A third common technique was developed by former FBI agent Bill Rogers and is best employed using a SureFire CombatLight with grip rings and a protruding tailcap switch. The CombatLight was developed specifically for use with the Rogers-SureFire Technique, in which the light is held between the fingers like a syringe. With the fingers of the support hand extended, you can use your normal two-handed stance, whether Weaver or isosceles.
I remember receiving a prototype CombatLight from Dr. John Matthews. It consisted of a standard SureFire 6P that had its body turned down forward of the tailcap.
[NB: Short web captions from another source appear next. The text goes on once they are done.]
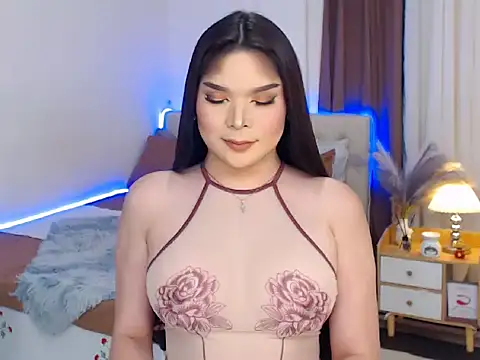 VickyMarquez online show from 04-12-26, 02:11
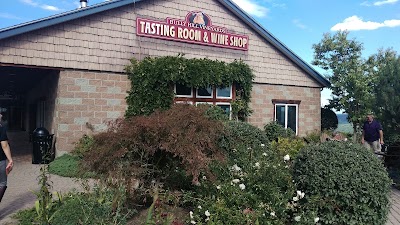 Photos of Bully Hill Vineyards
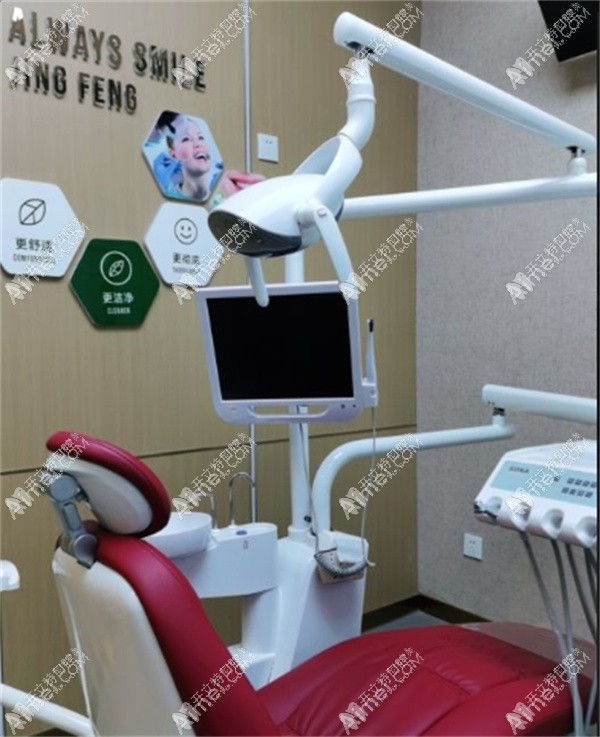 商丘睢阳景丰口腔门诊部 商丘睢阳景丰口腔门诊部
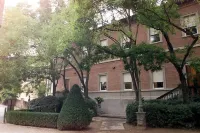 說書村 - 葡萄園的旅館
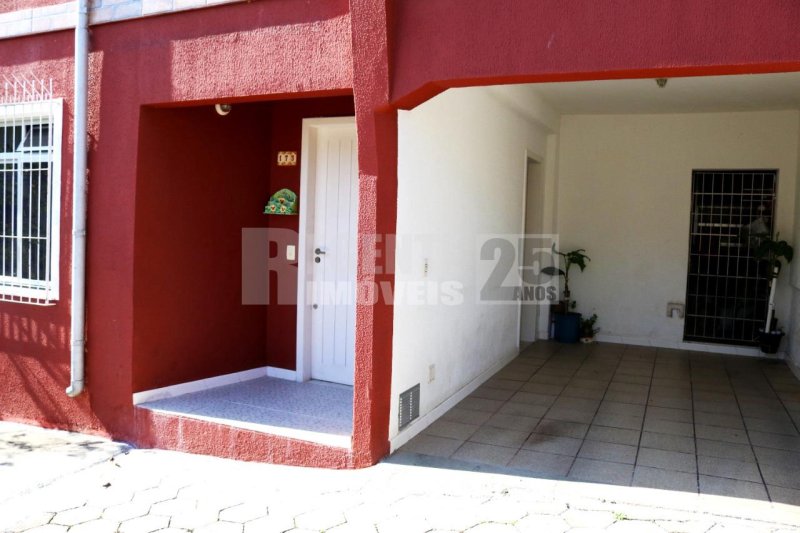 Casa 3 quartos no Agronômica em Florianópolis - Foto 30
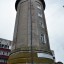 Водонапорная башня в городе Ейск: фото №425764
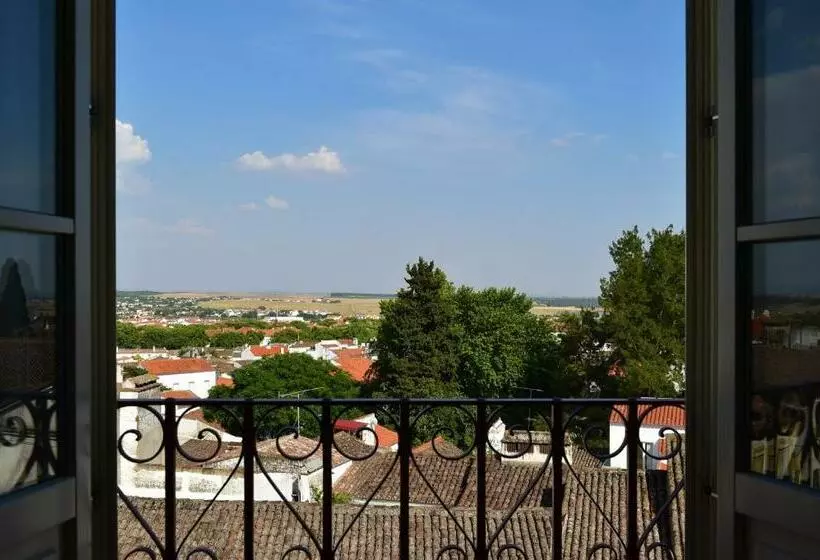 سوییت, Noble House Essence Évora by Unlock Hotels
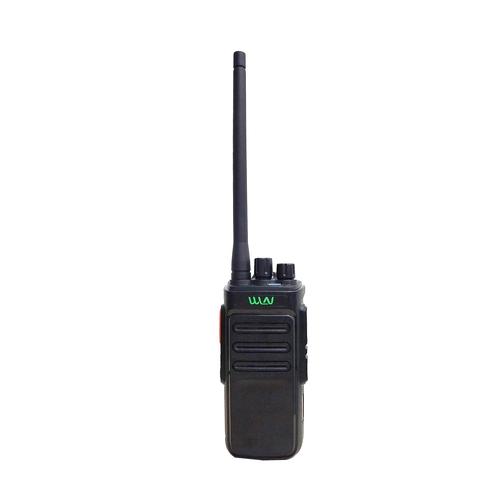 [EZO.1000191] WLN W-108 HT UHF 400MHz 10W Handie Talkie Garansi Winlan W108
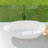 66.9'' x 33.46'' Soaking Solid Surface Bathtub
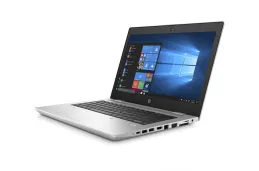 OUTLET Laptop HP Probook 645 G4 / 6YZ61EP / AMD Ryzen 3 / 16GB / SSD 512GB / AMD Radeon / HD / Win 10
Standard O-rings served the function of today’s molded grip rings. I still have that light in my collection, marked “Laser Products 6P” on the switch end. (SureFire trivia: the CombatLight was the father of the E-series body that survives to this day in LED models such as the Tactician.)
Neck Index Method
Lastly, you may wish to consider the neck index method pioneered by the SureFire Institute. Like the old FBI technique, the gun is fired with one hand unsupported. However, instead of holding the flashlight with an extended arm, the light is brought close to the body, alongside the shooter’s neck or jawline. This technique works especially well when moving dynamically since, unlike the FBI technique, the support arm is close to the body.
Which of these handheld flashlight techniques works best? The Rogers-SureFire is superior to the others for quick and accurate shooting but requires a CombatLight or similar configuration. As noted in the previous paragraph, the neck index method works best for many while moving quickly. The Harries will work with almost any hand-held light, so you probably want this one in your bag of tricks. The bottom line? Evaluate each technique with a realistic accuracy standard and a shot timer, and be sure to incorporate movement into your testing.
Whatever method you prefer, be sure to practice it until you can perform at a high level of automaticity, without conscious thought. Ultimately, success in a gunfight depends on your ability to perform technical shooting tasks on demand in a tactical environment, interleaved with other motor skills plus real-time decision-making. This, in turn, will require relevant training plus sufficient repetition over time in practice, with strict attention to detail. There is no shortcut to proficiency.